I’m all for accountability. I am a numbers person, and, more importantly, a results person. Numbers can give you a relatively objective view of how an organization is performing.

I actually think kids should be given standardized tests every month in every subject. Maybe every two weeks. As a teacher this would give you a “real time” look at how each student is progressing. As an administrator testing kids every month would give you an accurate view of how both the students and the teachers are doing.

Why do we only test kids once a year? That doesn’t make sense. Once you get the results the school year is finished. That’s like a CEO checking the stock price once a year or a businessman checking sales volume after he’s fired.

That being said I think the accountability system in American education is a joke. Why? For a variety of reasons, but let me give you two.

One, it is insane to place such immense pressure on administrators, teachers, and students through fear of district takeover, firings, and the repeating of grades respectively, and then allow those same administrators and teachers to administer the test that their job depends on. Cheating is bound to happen. In fact, cheating on a wide scale is simply inevitable. In my personal experience I have seen cheating on standardized tests; teachers giving students answers on state-tests.

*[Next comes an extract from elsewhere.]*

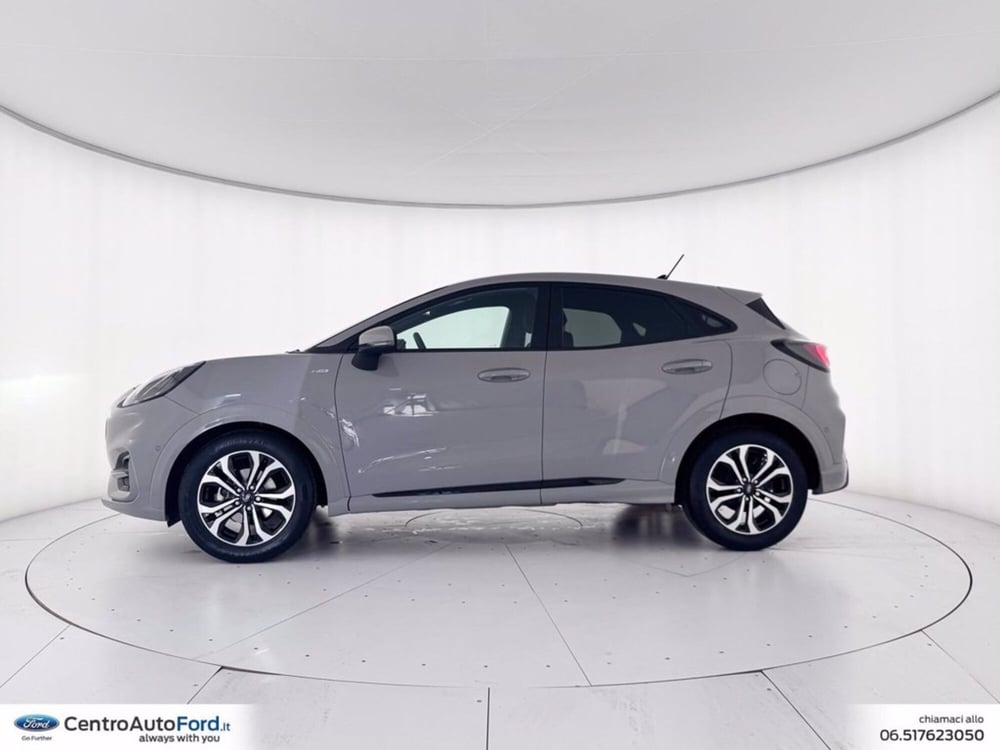 Ford Puma usata a Roma (3)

Second-hand from Mississippi Teacher Corps teachers and others I have heard many stories of cheating on state-tests. Having schools administer their own state-tests is like inviting the fox into the henhouse to take inventory.

Two, you can’t hold students accountable without giving them good teachers. As important as administrators, home life, parental involvement, and a host of other factors are, the problem of education in America today is that there simply aren’t enough good teachers. More to the point there are too many bad teachers. I estimate the good teacher/bad teacher ration to be about 1/10. For every one good teacher there are about 10 bad teachers (and also about 10 average teachers). And, of course, the good teachers are clustered at the good schools, the average teachers at the average schools, and the bad teachers at the bad schools. As long as the teaching profession remains a woefully underpaid one this ratio will remain the same.

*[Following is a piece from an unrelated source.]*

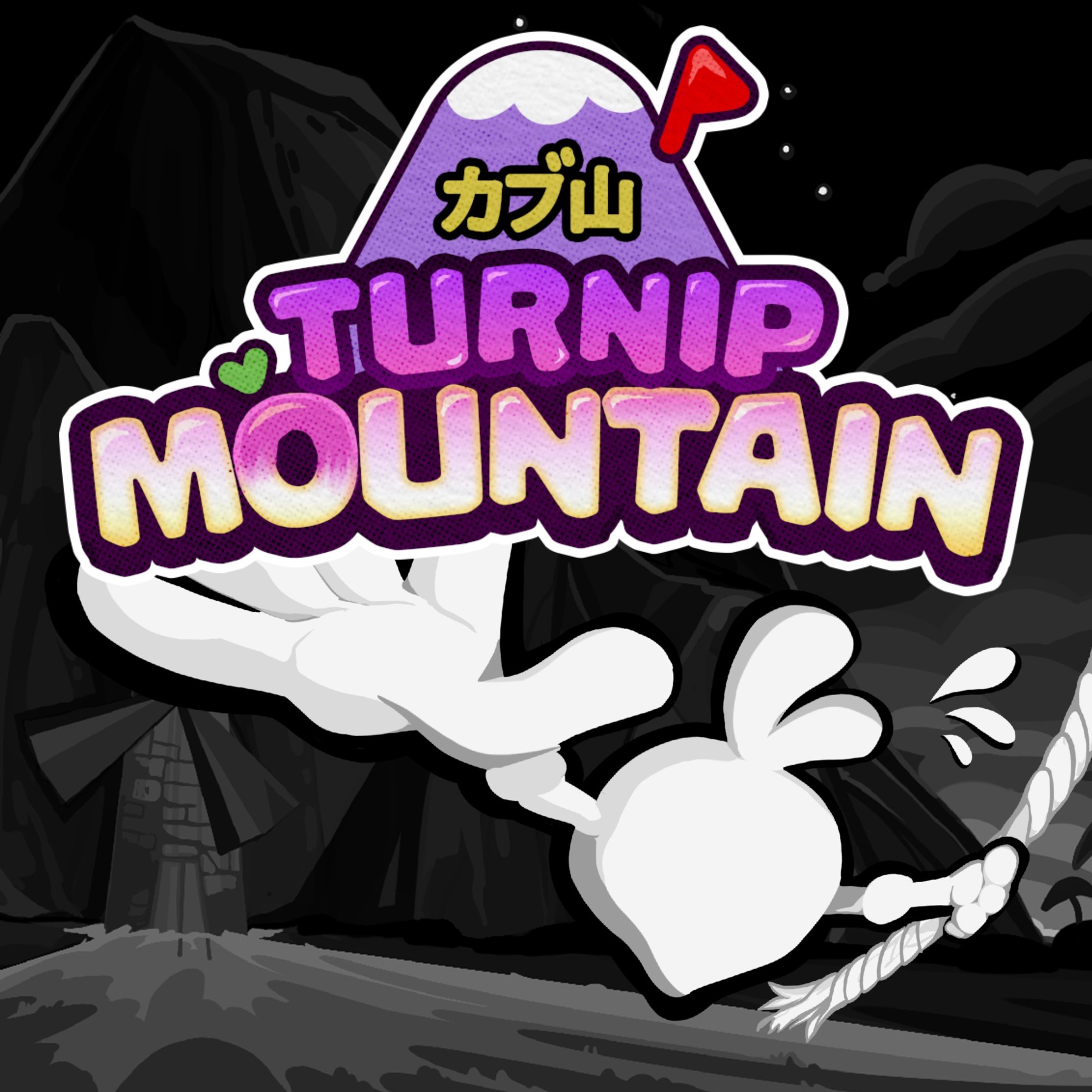 Boxart for Turnip Mountain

What do I think of accountability and No Child Left Behind (NCLB)? I think it is a rigged test. Rigged to show the country that public schools are terrible and thus to pave the way for the privatization of education. I think NCLB is gift to Corporate America. Education is one of the last, gigantic revenue streams not yet available to them. Health care, communications, and energy have all been given away. Social security and public education are all that remain. Watch closely…

1 comment:

A. Monroe said...

I can't argue with this post. Assessment/evaluation is supposed to guide instruction. Instead, the powers that be have used high-stakes testing to hold teachers and administrators accountable. It is a joke to think the testing has anything to do with student achievement. It should, but it doesn't.

By the way, I am not one of the two readers of your blog that you mentioned in another post. Instead I am just a colleague checking to see how far behind she is on her own efforts at blogging. I probably should have saved my comments and used them in my own post. To my horror, you have at least 6 additional posts since the last time I checked.